After an error is sent to your workflow from the Relay server, you can fetch entries from the system log to get a bit of metadata about it. See the Using Analytics page for more info on that.

There is a rate limit to the number of workflows/interactions/actions that can be performed. If you hit this limit, you should get back an HTTP response code 429 "Too Many Requests", where the error message may contain some wording about an AUP (Acceptable Use Policy). This rate limit is in place to handle a "runaway" loop that may put excessive burden on the Relay server, and you shouldn't encounter it outside of that scenario. If you have a use case that is hitting the rate limit that isn't a runaway loop, please contact Relay Support for assistance.

Other Tips

  • When making an SDK call to perform an action, it will likely require the parameter "target". This parameter identifies which device(s) you want the action to occur on. There are different types of targets, namely interaction targets and device targets. Make sure you are using the correct target type. The guides and API reference should make it clear which type should be used.

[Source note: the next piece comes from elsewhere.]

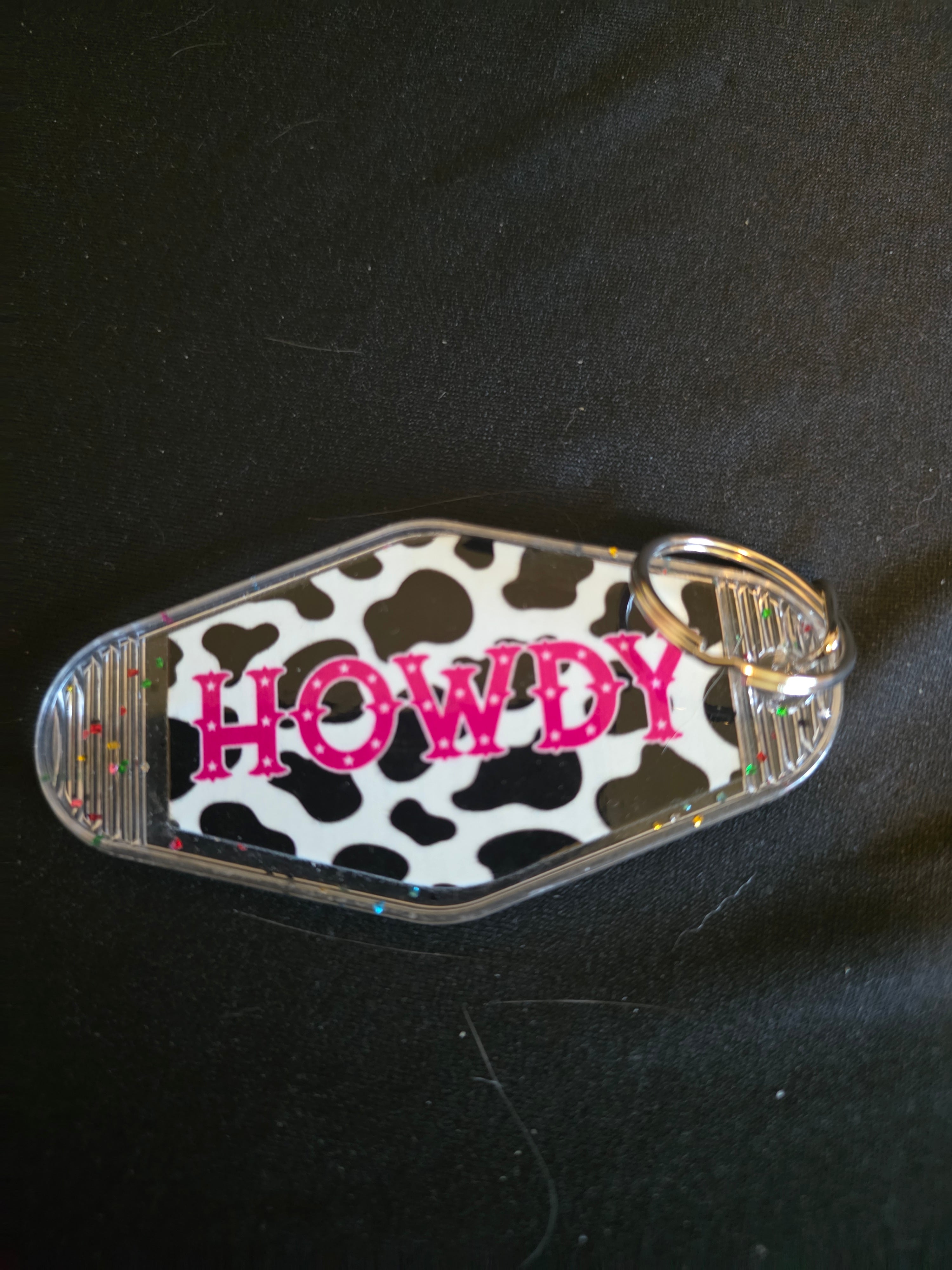 Retro Motel Keychain Collection – Funny, Western & Trendy Designs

  • If you are sending a notification out to a group of devices via broadcast or alert, ensure that you are passing in the correct group URN. The best way to create a URN for a group is through the URN construct/parse functions that are provided with the SDK. This is done by passing in the name or ID of your group into the groupId() or groupName() function.

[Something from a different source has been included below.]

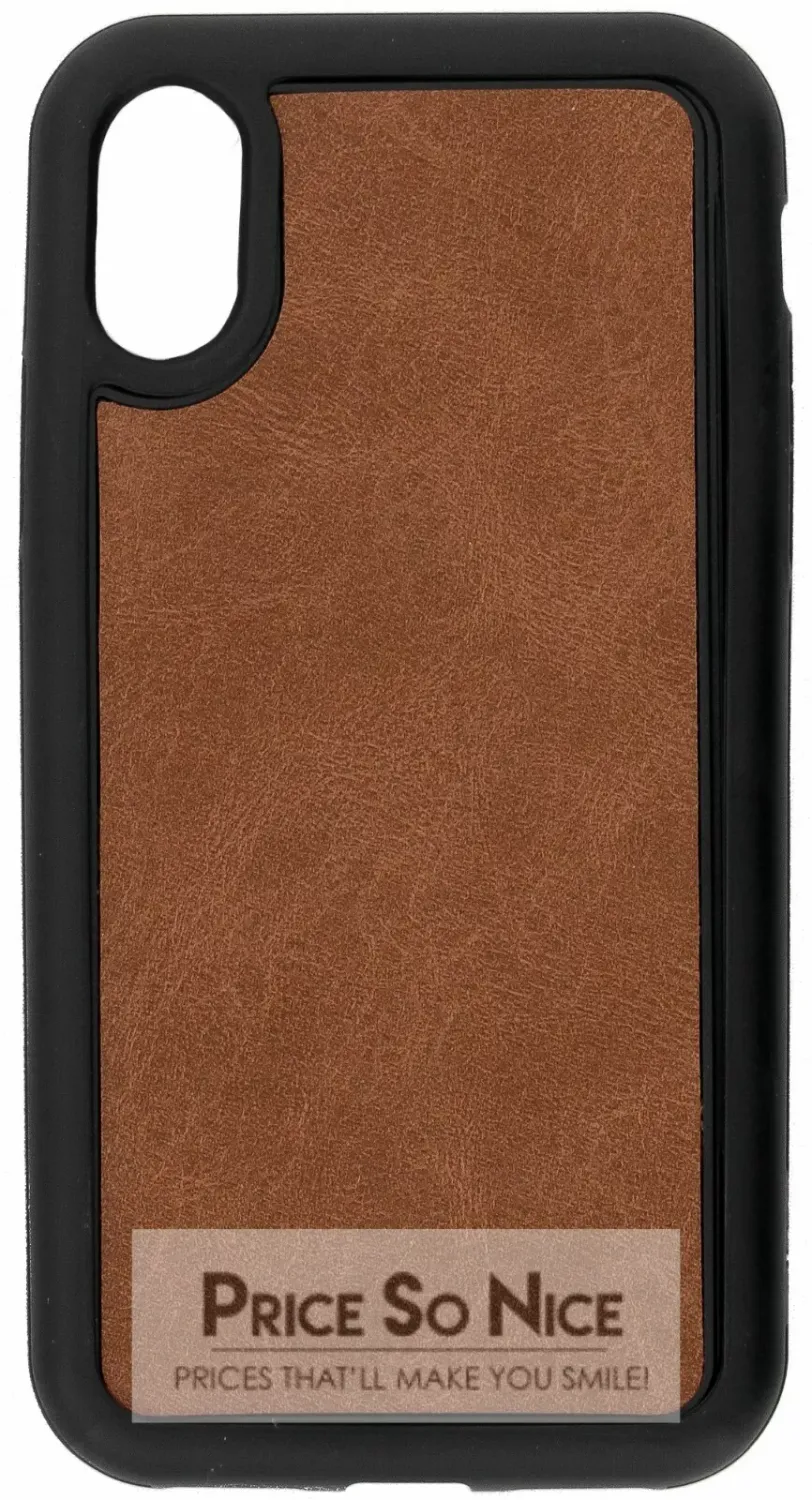 Typo - The Superior Rich Tan Phone Case for iPhone X - (Black/Brown)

  • Getting/setting a variable can be helpful for when you need to save a value for later retrieval in the workflow. However, keep in mind that the workflows can only store variables with string values. If you want to store a variable that has a value of an integer, you can save it as a string with setVar() and then retrieve it using the SDK's getNumberVar() variable.
  • As noted in the Say and Listen section, if you don't see a listen response, that likely means that the device was not able to transcribe your speech to text. It will continue to wait for subsequent spoken audio that it can parse or until the request times out before continuing on through the workflow.